One of the Lives
How much of what goes on in our lives do we choose, and how much is chosen for us? This is another question that hangs in the background of "One of the Lives." The speaker seems to be suggesting that fate is more important than free will. All of these trivial things—what the speaker writes on his college exam, the job his father takes, the death of a soldier he doesn't even know—work together to bring our speaker to where he is now. Sick. On a cot. In a farmhouse. Good times. What's more, he didn't have any say in most of the things he reports to us—they just happened, they were fated to be. All these small details (and an infinite number of others not mentioned) came together to put the speaker where he is at this moment: staring out the window and listening to plums dropping from their branches. Talking about it all "falling" into place (sorry, we couldn't resist).
Questions About Fate and Free Will
- Which is more important in determining our lives according to this poem, fate or free will? Why do you think so?
- Do you think the speaker feels he has any control over his own life?
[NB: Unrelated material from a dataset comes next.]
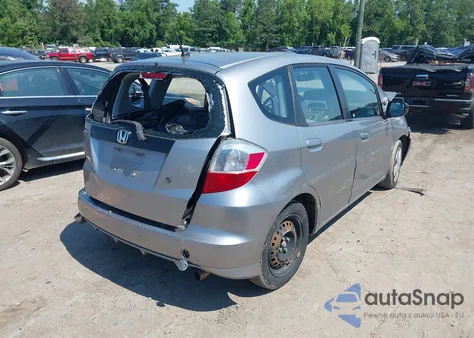 2010 Honda Fit z USA, uszkodzony, nr VIN JHMGE8H2XAS004985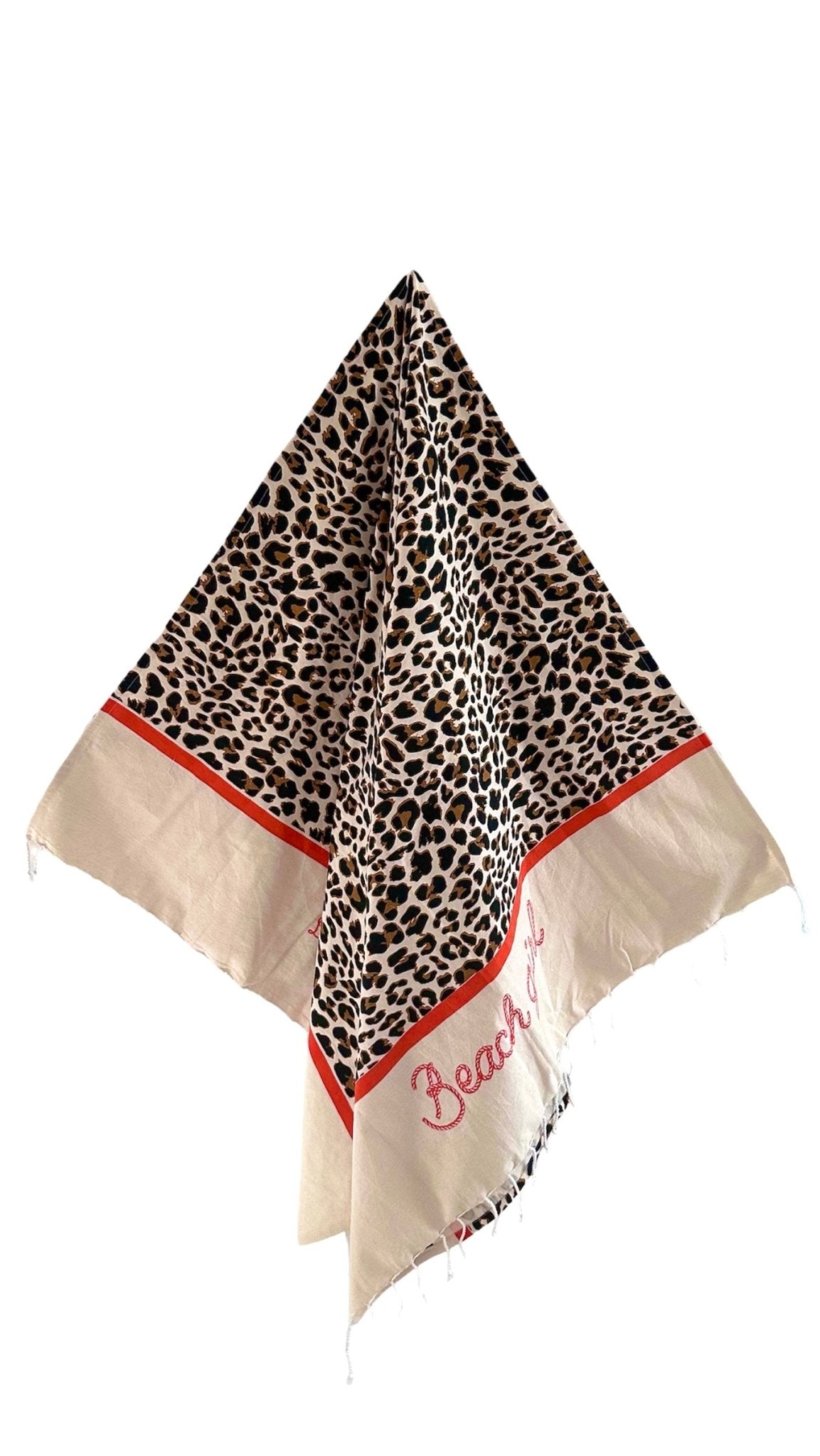 Lovely Beach Telo Mare Fouta Beach Girl New Leopard Lovely Beach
Is he merely a passive victim of fate?
- Despite the fact that most of the poem takes place in the past, there are a few key free-will moments here. Can you identify them?
Chew on This
According to this poem, life is just a happy accident (high five!) brought about by a bunch of small and unrelated events.
According to this poem, life is a brought about by a series of choices people make (no pressure or anything). Fate doesn't have much to do with it at all.